But then to some degree we are all predacious. I guess that’s why class matters, old school ties, the right neighbourhood, house, clothes, car or accent. We are always assessing each other. Are you one of us?
Adopted people grow up knowing the answer. You come from nowhere. You are strange fruit of obscure origin. The lack of a bloodline marks you. Just ask a mother-in-law. I’ve had three. For years I wondered why tow of them, women from different worlds, treated me with an instinctual distrust. No matter how hard I tried to please them. Now I understand. I was without pedigree, something even a lap dog has. Deep down, they did not want grandchildren without lineage or origin.

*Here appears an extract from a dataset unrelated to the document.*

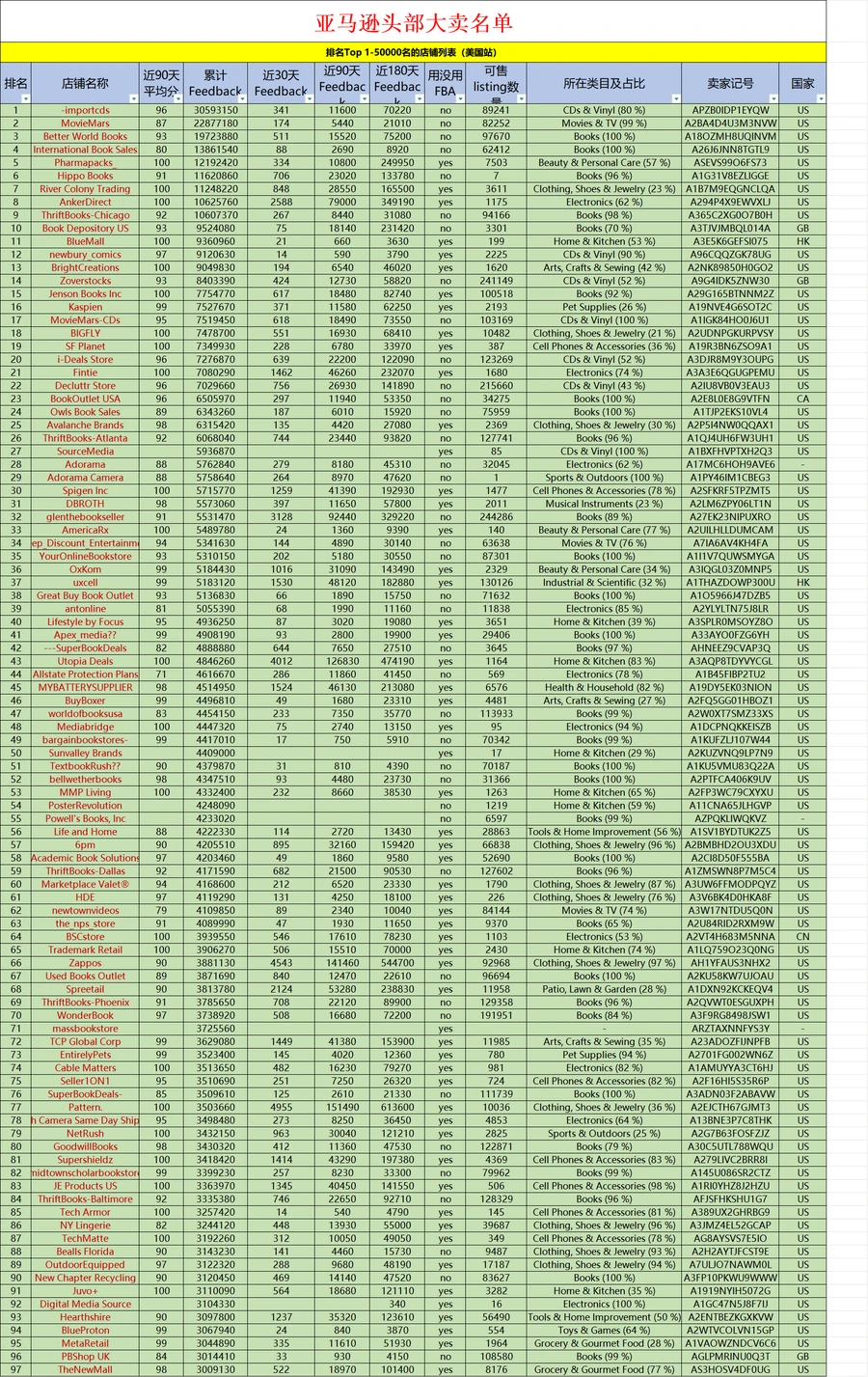 亚马逊Top1-5万店铺数据报告-50003行-1个子表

Jim arrived after lunch. I’d been expecting a doctor’s bag, a box, anything that might contain his magic. But he strode into the living room swinging his well thumbed Bible. I’d always detested him. The way he parted his hair, slick and precise. And the way he washed the dishes after our shred meals, scrubbing them in a brisk and joyless way as though they were our souls.
But then I found her and made a terrible mistake by writing to her. My letter had caused her death.
So instead I began to write about the life I imagined she had. I invented her lovers and friends. I described her elegant home…
Over the years the stories changed. When I had a relationship with a disingenuous writer, I processed the fallout as if it had happened to my mother. When it was all over, he sent me a file of letter he’d written, one or more a day for all the months. They began with pleasure. I was the shiny new thing in his life. I was better than his wife. I was all the mysteries rolled into one. Soon enough my contradictions were my downfall. By the end he had transformed me into his own shadow self and I became every lover who had failed him.
As I read his wounding words, I pretended he was my mother’s lover, not mine. Because this is one of the things a mother does. She absorbs the blows for her child. Not all of them, and not forever. But she is there for her child of any age. When your children are small, protecting them is your overriding obsession. As mine grew up, I understood that this natural response does not change. Their danger is always my danger. Any threat to them is a threat to me.
It took a long time to realise that Mavis appeared to have no such capacity. Her parenting was competent and practical. Food, water, clothing, shelter. The mysterious and strange works of the heart were missing in our relationship. Or was it inappropriate to share them with a stranger’s child?
I understand I had divided them. Before me, they were an average family. I was the antapex, the point from which the solar system of their lives was always moving away. After me, Jesse died (grandmother). After me Pamela stopped speaking to her father. And now, on her way to meet me and see him, she was dead and there would be no redemption.
Mirah Riben calls it the ‘duality of adoption’. ‘You might have had a happy childhood. But every adoption begins with a tragedy of loss and separation. Adoption is a traumatic, lifelong and often unrecognised experience.’ She describes how society clings to the preconceived, romanticised notions of adoption. The problem, she says, is when adoptees do not assume their role as grateful orphans.
Writer Matthew Salesses talks about being in debt to someone’s love. “For adoptees, gratitude and luck can be trigger words. Society tells us we are lucky to be adopted. If we do not appear grateful, they tell us to know our place. We are reminded to be thankful for being taken from the mothers who bore us. We are called “angry” as a dismissal.”
Many adopted people have catastrophic thinking. But we are so accustomed to living on red alert we do not recognise the formless dread as a condition. We fear abandonment above all else. Many of us have a heightened sensitivity to criticism. We suffer from depression, hypervigilance and addiction to adrenaline.
Whether or not we are good citizens, adoption unmoors us from our history and forces us to stand alone in the world. Dr David Kirschner says we live with sealed original birth records, and a childhood of secrets, lies and frustrated searches for birth parents. He says untreated, festering adoption issues of loss, rejection, abandonment, identity, and dissociated rage are all normal reactions to adoption. No matter how well we have integrated into our new families, we remain ‘other’. We are cuckoos in the nest.